-- Opening Marker --

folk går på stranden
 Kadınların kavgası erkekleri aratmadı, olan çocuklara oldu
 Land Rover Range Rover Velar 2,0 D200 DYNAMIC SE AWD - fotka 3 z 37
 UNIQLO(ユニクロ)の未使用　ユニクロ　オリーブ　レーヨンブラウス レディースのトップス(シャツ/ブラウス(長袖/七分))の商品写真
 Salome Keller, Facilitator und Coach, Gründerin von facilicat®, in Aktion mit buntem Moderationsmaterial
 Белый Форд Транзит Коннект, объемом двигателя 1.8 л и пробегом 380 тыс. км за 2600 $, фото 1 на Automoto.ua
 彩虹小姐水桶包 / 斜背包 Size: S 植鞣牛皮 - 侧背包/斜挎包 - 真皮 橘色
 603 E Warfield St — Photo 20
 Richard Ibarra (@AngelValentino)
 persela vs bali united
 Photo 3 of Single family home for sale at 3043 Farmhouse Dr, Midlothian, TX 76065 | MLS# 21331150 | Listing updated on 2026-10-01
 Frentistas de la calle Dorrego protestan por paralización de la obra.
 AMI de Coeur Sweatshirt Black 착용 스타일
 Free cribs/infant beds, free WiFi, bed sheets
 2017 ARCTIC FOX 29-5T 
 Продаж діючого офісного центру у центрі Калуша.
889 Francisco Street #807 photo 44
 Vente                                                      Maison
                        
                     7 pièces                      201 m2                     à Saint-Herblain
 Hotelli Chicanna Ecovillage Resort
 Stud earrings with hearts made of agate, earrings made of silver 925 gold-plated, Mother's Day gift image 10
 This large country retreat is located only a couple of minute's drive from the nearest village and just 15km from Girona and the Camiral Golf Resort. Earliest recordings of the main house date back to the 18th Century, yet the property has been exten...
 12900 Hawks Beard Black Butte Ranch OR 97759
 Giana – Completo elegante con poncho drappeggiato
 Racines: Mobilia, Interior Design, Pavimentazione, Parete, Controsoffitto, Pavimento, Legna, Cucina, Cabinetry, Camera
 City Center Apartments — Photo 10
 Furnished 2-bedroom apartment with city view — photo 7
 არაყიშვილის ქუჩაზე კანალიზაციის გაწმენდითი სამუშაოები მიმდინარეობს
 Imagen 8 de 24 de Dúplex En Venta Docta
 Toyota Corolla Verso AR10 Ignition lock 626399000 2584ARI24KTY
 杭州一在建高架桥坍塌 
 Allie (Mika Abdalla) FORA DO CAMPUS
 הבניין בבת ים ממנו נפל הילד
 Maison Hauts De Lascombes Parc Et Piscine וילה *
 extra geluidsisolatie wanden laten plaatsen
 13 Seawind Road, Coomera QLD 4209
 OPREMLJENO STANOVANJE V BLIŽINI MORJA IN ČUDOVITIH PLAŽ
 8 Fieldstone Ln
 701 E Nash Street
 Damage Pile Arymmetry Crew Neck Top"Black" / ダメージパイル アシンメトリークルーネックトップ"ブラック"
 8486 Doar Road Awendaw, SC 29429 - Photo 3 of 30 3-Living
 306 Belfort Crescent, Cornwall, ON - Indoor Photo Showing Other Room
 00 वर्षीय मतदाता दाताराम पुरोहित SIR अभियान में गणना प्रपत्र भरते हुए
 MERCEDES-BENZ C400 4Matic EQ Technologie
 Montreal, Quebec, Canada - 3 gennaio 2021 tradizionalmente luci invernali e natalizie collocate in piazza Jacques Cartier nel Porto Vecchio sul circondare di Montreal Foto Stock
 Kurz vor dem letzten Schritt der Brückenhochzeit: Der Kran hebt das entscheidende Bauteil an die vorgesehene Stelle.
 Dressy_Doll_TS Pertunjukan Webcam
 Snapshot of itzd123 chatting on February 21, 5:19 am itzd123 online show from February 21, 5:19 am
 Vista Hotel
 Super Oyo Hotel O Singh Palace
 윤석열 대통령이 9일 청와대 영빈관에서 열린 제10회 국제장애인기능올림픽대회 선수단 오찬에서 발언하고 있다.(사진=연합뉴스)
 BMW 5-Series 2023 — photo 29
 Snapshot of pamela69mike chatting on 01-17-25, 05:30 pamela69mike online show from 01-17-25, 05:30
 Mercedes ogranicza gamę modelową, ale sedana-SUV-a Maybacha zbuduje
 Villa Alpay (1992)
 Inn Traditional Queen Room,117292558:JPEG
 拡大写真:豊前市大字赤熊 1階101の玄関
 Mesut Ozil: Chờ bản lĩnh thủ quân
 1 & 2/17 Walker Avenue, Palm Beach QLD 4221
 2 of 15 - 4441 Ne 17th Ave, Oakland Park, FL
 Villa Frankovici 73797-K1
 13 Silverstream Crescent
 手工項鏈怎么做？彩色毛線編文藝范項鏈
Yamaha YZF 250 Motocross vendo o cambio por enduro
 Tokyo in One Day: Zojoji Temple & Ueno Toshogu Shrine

-- Closing Marker --

◆ Exercise goal: Everything from the line holding "Villa Alpay (1992)" through the last line of the entries should be retyped exactly, with no other lines.

◆ Task response:
 Villa Alpay (1992)
 Inn Traditional Queen Room,117292558:JPEG
 拡大写真:豊前市大字赤熊 1階101の玄関
 Mesut Ozil: Chờ bản lĩnh thủ quân
 1 & 2/17 Walker Avenue, Palm Beach QLD 4221
 2 of 15 - 4441 Ne 17th Ave, Oakland Park, FL
 Villa Frankovici 73797-K1
 13 Silverstream Crescent
 手工項鏈怎么做？彩色毛線編文藝范項鏈
Yamaha YZF 250 Motocross vendo o cambio por enduro
 Tokyo in One Day: Zojoji Temple & Ueno Toshogu Shrine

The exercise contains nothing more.